REQUIRED ACTION | Using the data below, reproduce exactly the lines from the line with "ECO STYLE PROFESSIONAL" to the line with "shiverpeaks BS77120-WF USB", both included; pictures must be dropped.

Caption-style text data:
##############################

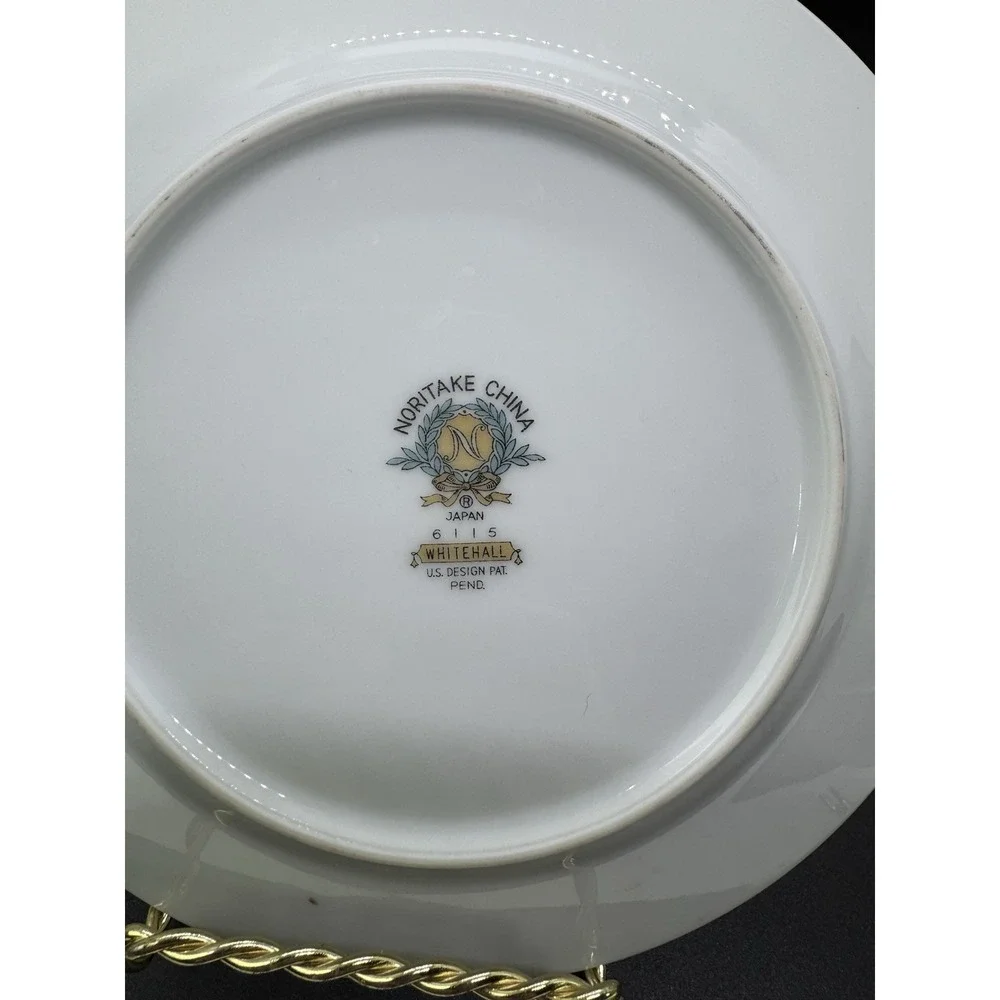 Vintage Noritake‎ Whitehall 6115 Platinum Trim Bread Dessert Plate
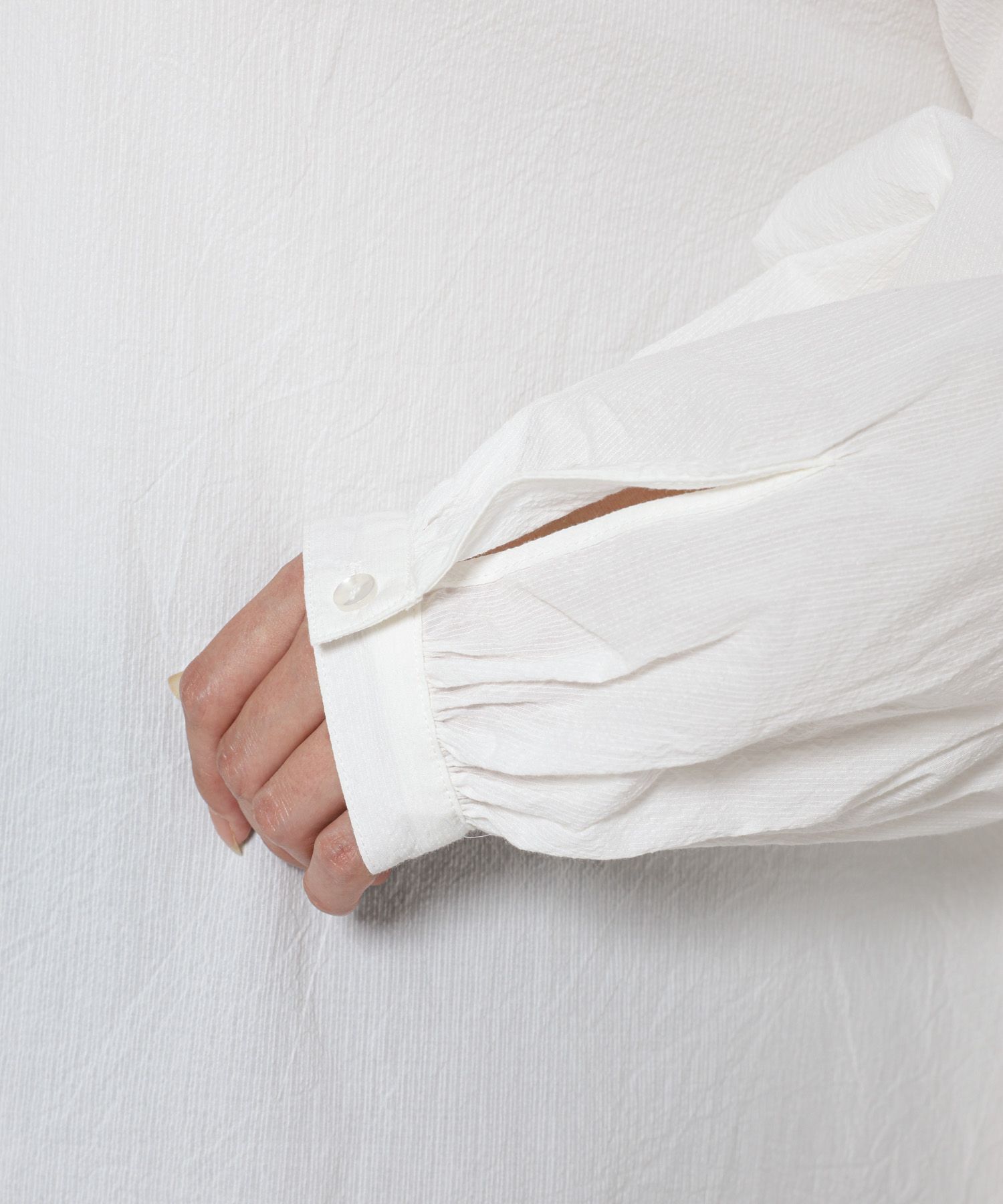 BABYLONE「コードレーンギャザーブラウス」|シャツ・ブラウス|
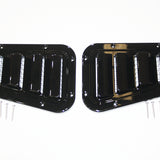 TF272GF - Sport Wing Top Vent Grilles-Gloss Blk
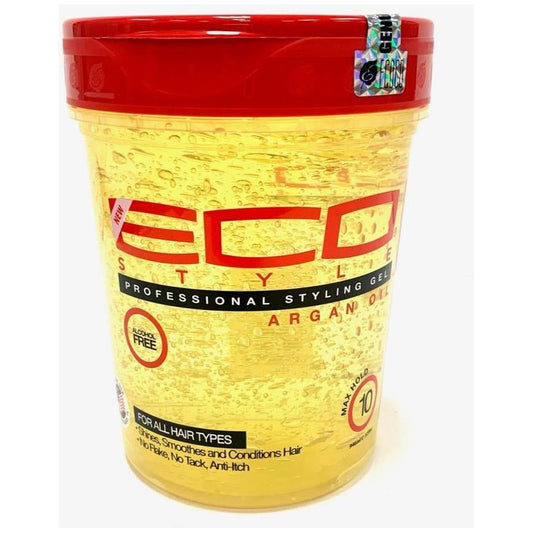 ECO STYLE PROFESSIONAL STYLING GEL ARGAN OIL - Pure n Tru Beauty Supply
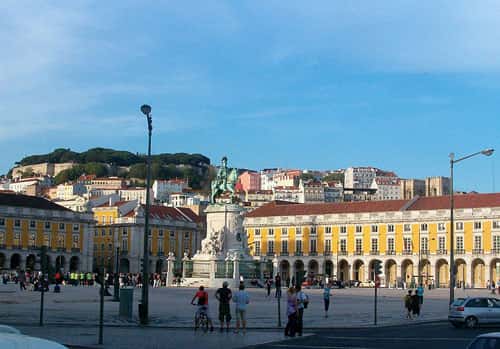 La Praça do Comércio, dans le quartier de la Baixa, à Lisbonne. © Koshelyev, CC by-sa 3.0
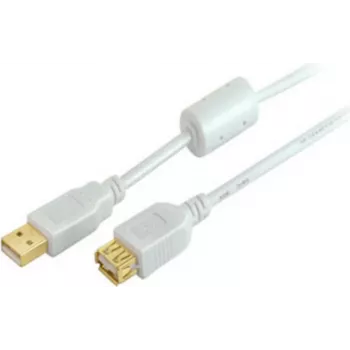 shiverpeaks BS77120-WF USB kabelis 1 m USB 2.0 USB A baltas (BS77120-WF)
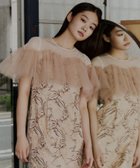 【アンドレスド/ANDRESD】の結婚式・二次会対応 刺繍チュールフリルドレス 大人の最旬トレンドファッション＆コーディネート founy(ファウニー) ファッション Fashion レディースファッション Fashion for Women ワンピース Dresses フォーマル・パーティードレス・結婚式用ドレス Elegant & Casual Dresses ストレート Straight, Straight Cut チュール Tulip, Tulip Motif ドレス Dress, One-Piece バランス Balance, Style Balance フェミニン Feminine, Girly フラワー Flower, Floral フリル Frill, Ruffle ヨーク Yoke, Yoke Design おすすめ Recommended / Our Picks セレモニー Ceremony 結婚式 Wedding 披露宴 Wedding Reception 二次会 After Party thumbnail オレンジ|ID: prp329100004987472 ipo3291000000037362132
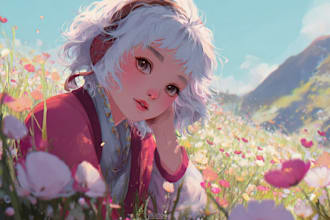 draw commission into anime or manga style art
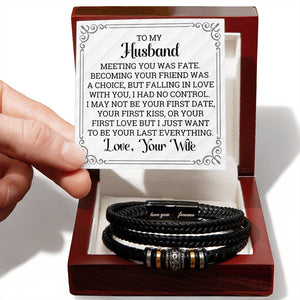 To My Husband - Fate - Men's Bracelet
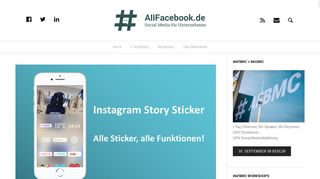 
                            9. Der komplette Guide: Instagram Story Sticker - allfacebook.de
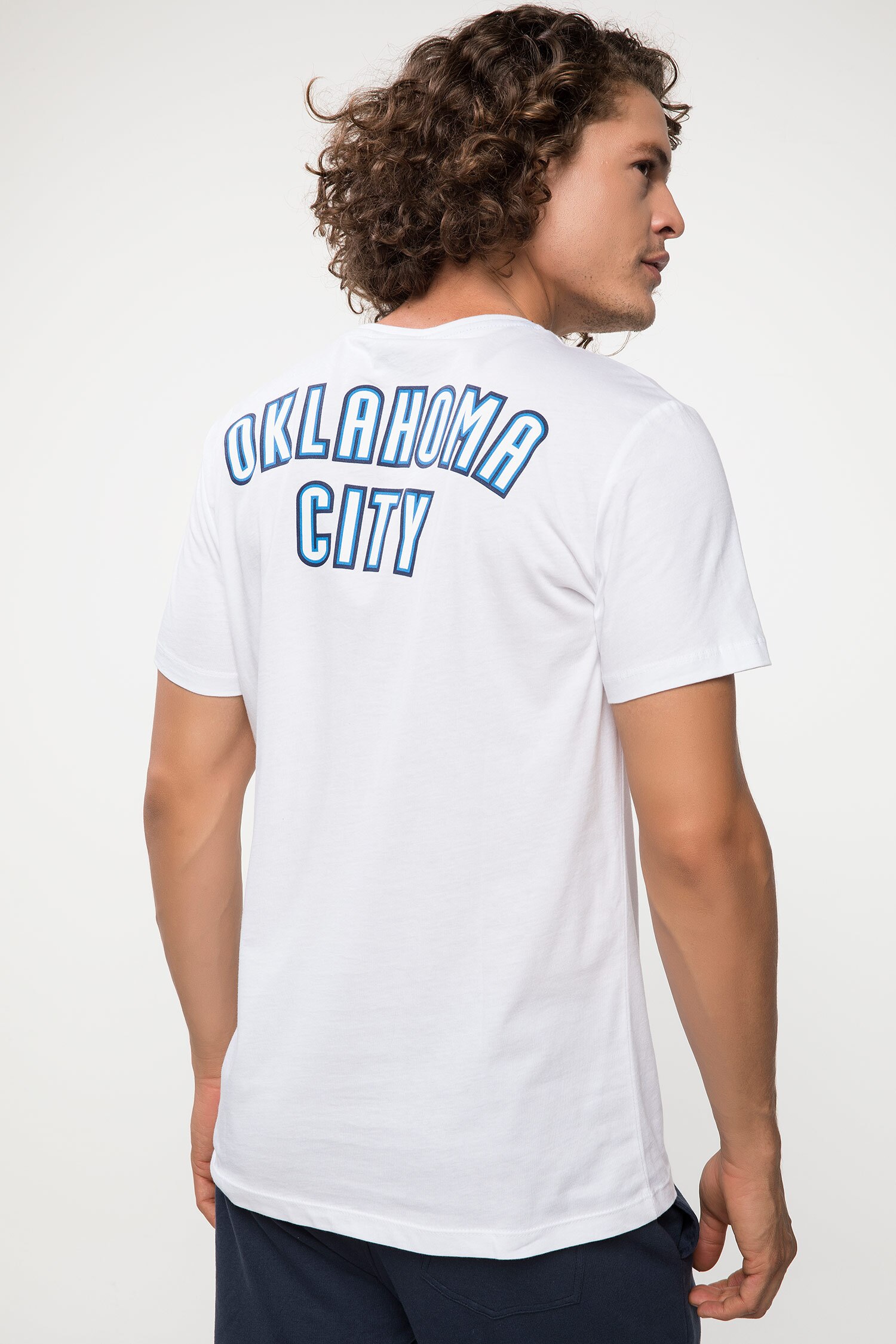 Defacto Lisanslı NBA Oklahoma Baskılı T-shirt. 4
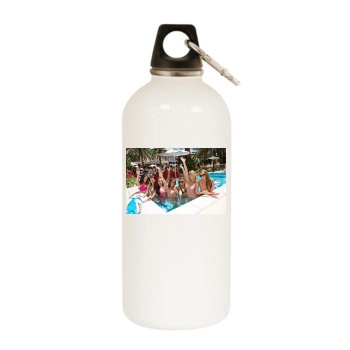 Sara Jean Underwood White Water Bottle With Carabiner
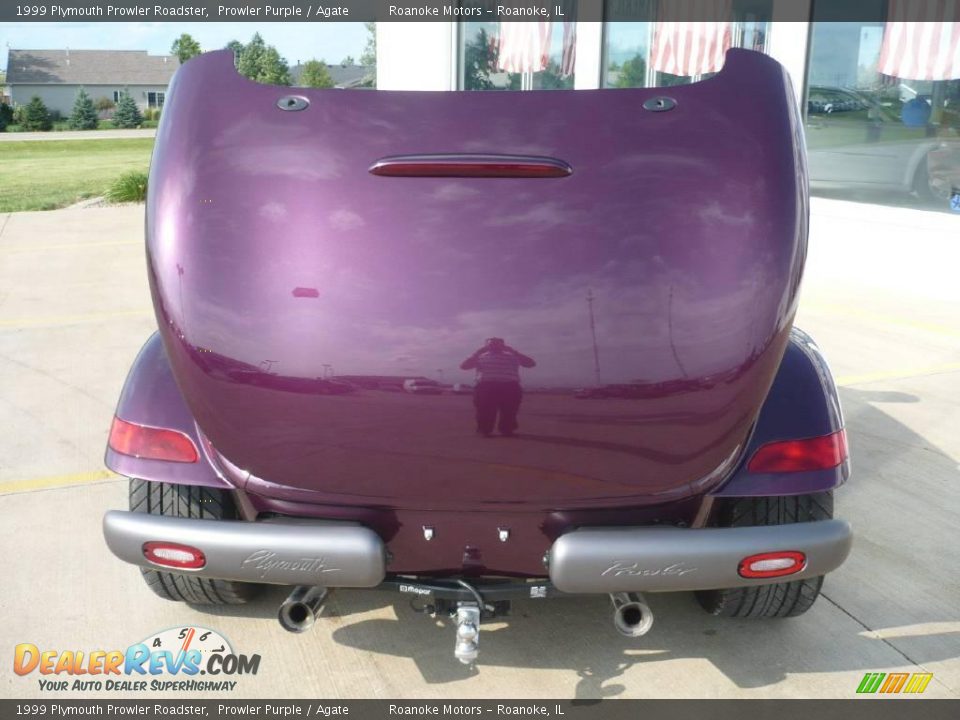 1999 Plymouth Prowler Roadster Prowler Purple / Agate Photo #36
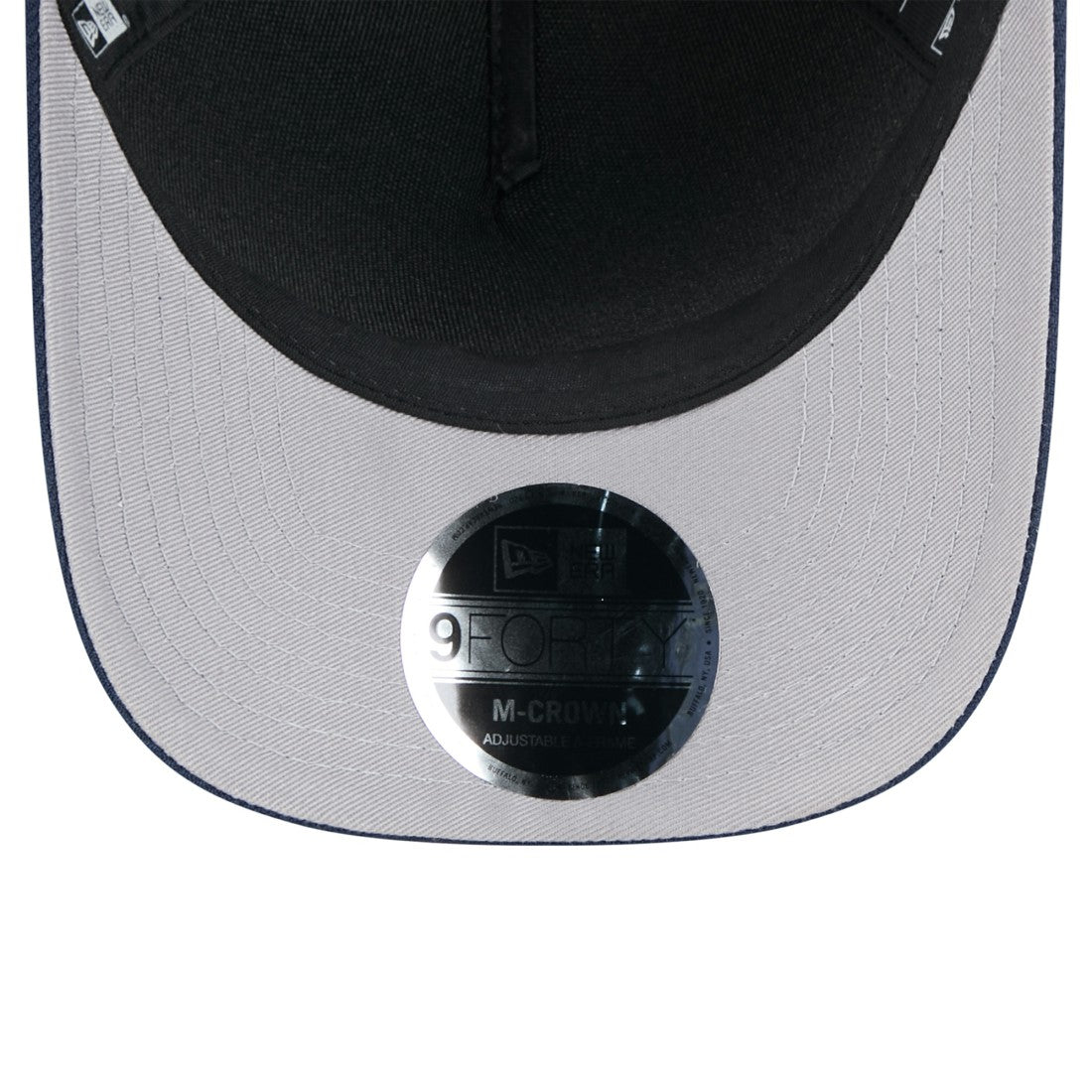 Tennessee Titans New Era 2025 NFL Draft 9FORTY A-Frame M-Crown Adjustable Hat - Black/Navy - NFL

##############################

YOUR RESPONSE |
 ECO STYLE PROFESSIONAL STYLING GEL ARGAN OIL - Pure n Tru Beauty Supply
 La Praça do Comércio, dans le quartier de la Baixa, à Lisbonne. © Koshelyev, CC by-sa 3.0
 shiverpeaks BS77120-WF USB kabelis 1 m USB 2.0 USB A baltas (BS77120-WF)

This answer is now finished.